■ WORK TO BE COMPLETED: Filter the records down to the lines that hold the word "digital", and copy each of those lines.

■ PROVIDED INFORMATION:
☆ ☆ ☆ ☆ ☆ ☆ ☆

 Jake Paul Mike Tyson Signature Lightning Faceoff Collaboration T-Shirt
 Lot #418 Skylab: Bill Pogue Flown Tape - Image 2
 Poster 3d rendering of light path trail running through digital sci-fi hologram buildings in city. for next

☆ ☆ ☆ ☆ ☆ ☆ ☆

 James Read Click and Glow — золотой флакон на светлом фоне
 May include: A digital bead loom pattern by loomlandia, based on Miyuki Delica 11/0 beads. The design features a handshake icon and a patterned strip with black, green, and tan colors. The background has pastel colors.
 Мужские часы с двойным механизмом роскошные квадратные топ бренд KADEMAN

☆ ☆ ☆ ☆ ☆ ☆ ☆

■ EXERCISE RESULT:
 Poster 3d rendering of light path trail running through digital sci-fi hologram buildings in city. for next
 May include: A digital bead loom pattern by loomlandia, based on Miyuki Delica 11/0 beads. The design features a handshake icon and a patterned strip with black, green, and tan colors. The background has pastel colors.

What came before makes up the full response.